Слова эти ласкают слух полковника. Он весел и возбужден. Лизандро Лейте кончает свой монолог решительным и оптимистическим предсказанием.
— Вы в самом деле уверены, сеньор Лизандро, что других претендентов не будет? Вы думаете, это возможно?
«Полковник, не будьте наивны. Кто в Бразилии, учитывая обстановку в стране и в мире, осмелится состязаться со всемогущим начальником службы безопасности? Есть предел всякому безумству», — думает Лизандро Лейте, вытирая пот со лба и улыбаясь.
— Я со своей стороны сделаю все возможное и невозможное для того, чтобы вы, мой благородный друг, остались единственным кандидатом. Единственный кандидат, избранный единогласно, — вот как будет!
Есть ли в душе человеческой чувство сильнее тщеславия? Нет, отвечал Афранио Портела, и в ходе выборов мнение его подтвердилось.

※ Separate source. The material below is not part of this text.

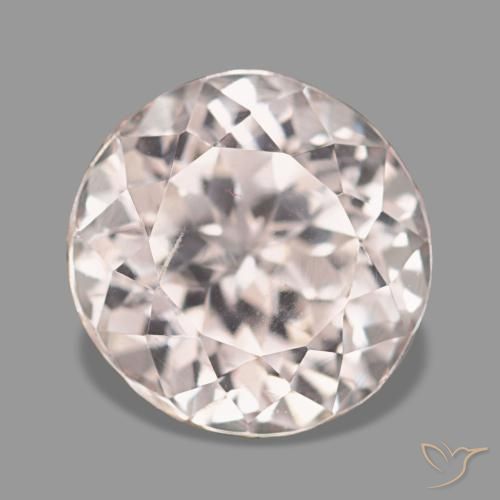 4.79 ct Pink Kunzite Gemstone, Kunzite Gem in Oval Facet Shape for Sale.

Для того чтобы стать одним из сорока «бессмертных», чтобы надеть на себя расшитый золотыми пальмовыми ветвями мундир, положить руку на эфес шпаги, а под мышку сунуть треуголку, чтобы покоить тощее или мясистое — у кого как — седалище на бархате академических кресел, самые могущественные люди, самые славные наши сограждане пойдут на все: грубиян станет тихоней, нахал — подлизой, скупец превратится в транжира, разбрасывающего деньги на букеты и подарки. Не поверишь, пока не увидишь собственными глазами. Обо всем этом можно пофилософствовать всласть и рассказать немало забавного, но у нас, к сожалению, нет ни времени, ни места.
Вот, к примеру, полковник Агналдо Сампайо Перейра. Этот человек, повелевающий армией и полицией, наделенный беспредельной властью, человек, перед которым трепещут министры, все-таки не считает, что исполнил свое предназначение: ему не хватает членства в Академии. Еще не исполнилась заветная мечта, сопровождающая полковника всю жизнь с того дня, когда он выпустил первую (и охаянную) книгу — сборник стихов.

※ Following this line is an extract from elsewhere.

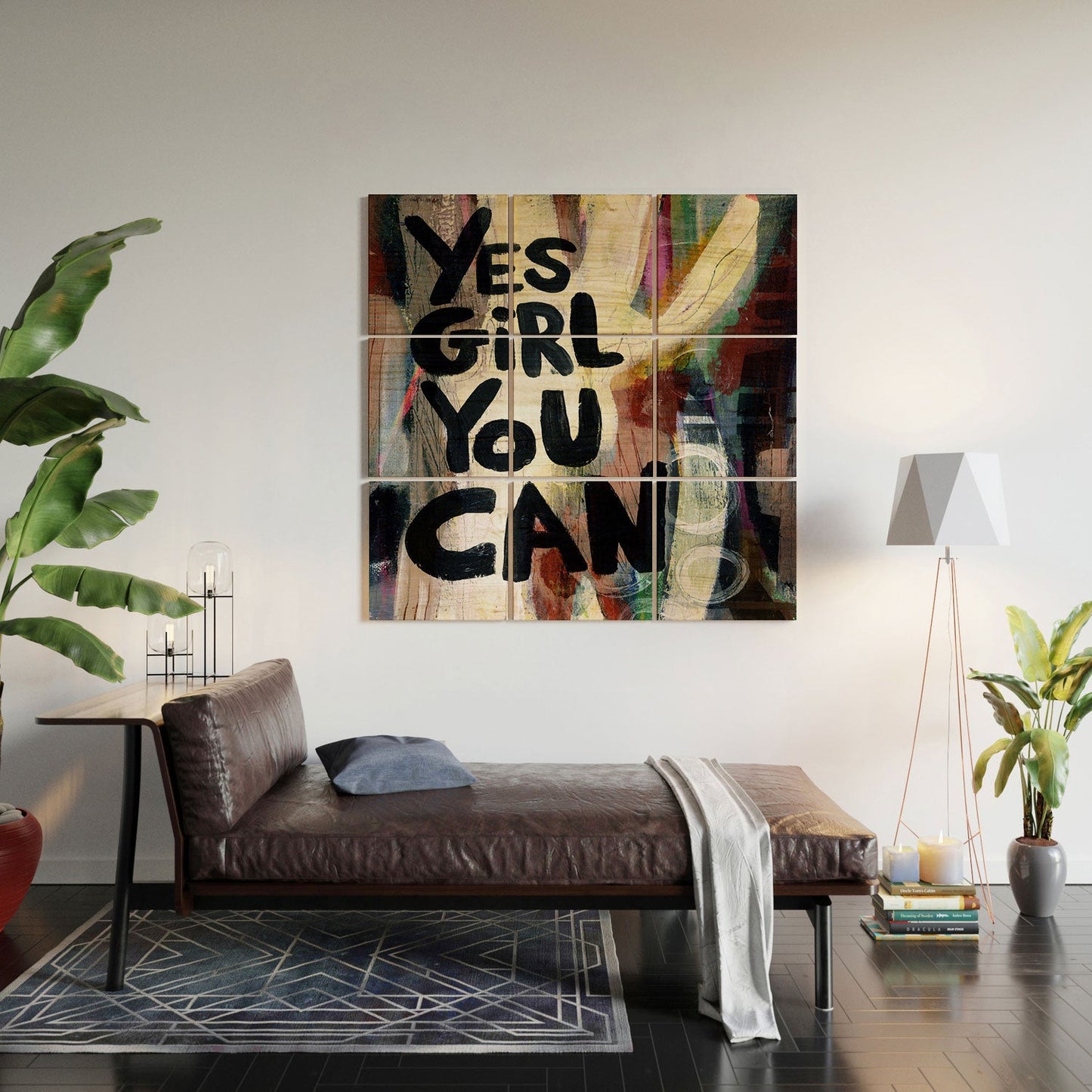 Sophia Buddenhagen Yes Girl You Can Wood Wall Mural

Однажды он излил душу своему деятельному земляку Лизандро Лейте. «Нужно выждать удобный момент», — сказал тот и пустился в рассуждения о трудностях, связанных с избранием. Время от времени в беседе они затрагивали тему, так волновавшую полковника. «Зреет, зреет», — говорил академик, имея в виду благоприятную ситуацию. Шесть месяцев назад он сообщил: «Все в порядке, лучше времени не найти, у нас на руках все козыри. Не хватает только вакансии.» Полковник и Лейте принялись подводить баланс возраста и состояния здоровья академиков, и сальдо оказалось в их пользу: было ясно, что некоторым «бессмертным» уже недолго оставаться таковыми. Например, великий Персио Менезес заболел раком.

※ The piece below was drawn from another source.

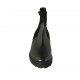 Botin con cremallera para mujer en tejido y piel negra tacon 3 - Tallas disponibles:  42, 43, 44, 45, 46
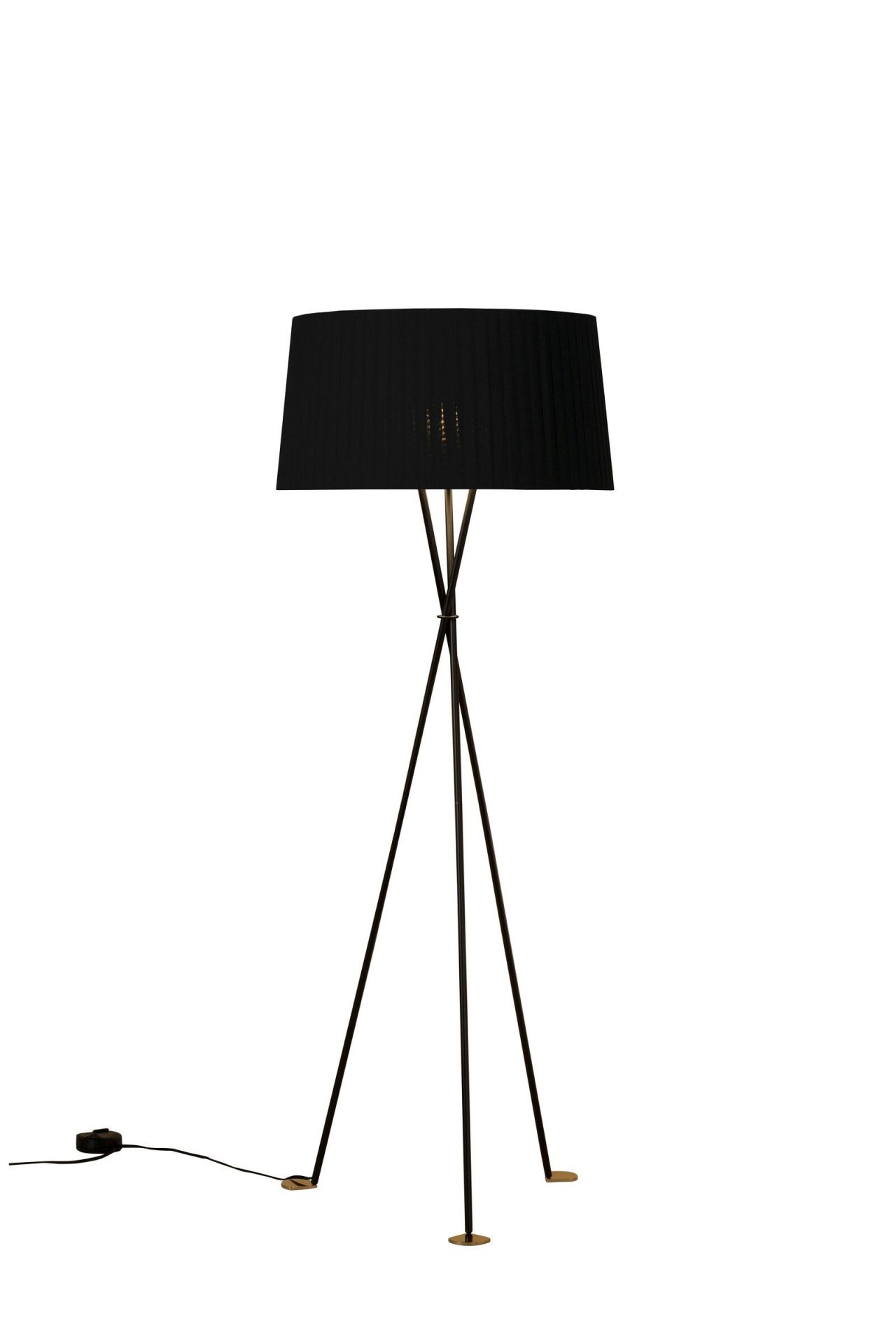 Tripode G5 floor lamp black Santa & Cole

Членство в Академии! Окаменевшая химера! Свидетельство того, что даже непреклонный арийский военачальник, ведущий борьбу за мировое господство, способен мечтать так же пылко, как какой-нибудь ничтожный и неблагонадежный еврей-журналист.
Хор женских голосов оживленно звенит у гроба. Ах, Антонио Бруно, ты неисправим! Во что превратил ты важную печаль, суровую сдержанность, молчаливую скорбь, приличествующие панихиде?
Хотя академики, выйдя из автомобилей, и постарались принять надлежащий вид, но кто сможет сохранить сдержанность и серьезность, проходя вдоль фронта очаровательных дам, целуя им ручки, двусмысленно пошучивая, выслушивая и рассказывая вольные анекдоты, припоминая пылкие строки покойного поэта?!
Разве это бдение над покойником? Разумеется, усопший в гробу, установленном в зале Академии, был налицо, но красавец Бруно, которому даже академический мундир не прибавил солидности, плохо справлялся со своей скорбной ролью и был главным виновником того, что на бдении у его гроба так остро чувствовался недостаток траурной торжественности. Да-да, во всем был виноват сам Бруно: это столпотворение было провидчески воспето им в «Завещании бродяги трубадура Антонио Бруно, трижды умиравшего от избытка любви» — в этих давних, но сегодня весьма актуальных стихах поэт издевался над смертью и предлагал устроить праздник вместо панихиды.
Именно так и произошло. На бдении лились слезы и звучал смех, но смех, как он и просил, заглушал всхлипывания. «Ваш хрустальный хохоток я хочу услышать…» — говорил поэт — и у гроба стояли шалые, сумасбродные красавицы, «…и почувствовать опять жар грудей упругих…» — желал Бруно — и дамы явились на траурную церемонию в нарядных открытых платьях. Присутствующие дамы знали эту поэму, некоторые даже помнили ее наизусть — всю, каждую строфу. «Жду вас всех — тебя, что так мучила поэта, и тебя, что мельком мне улыбнулась где-то…» Он ждал их всех, и все пришли, и в рыданиях слышался порочный отзвук стонов любви — «нежный лепет предрассветный…» Все было так, как завещал Бруно.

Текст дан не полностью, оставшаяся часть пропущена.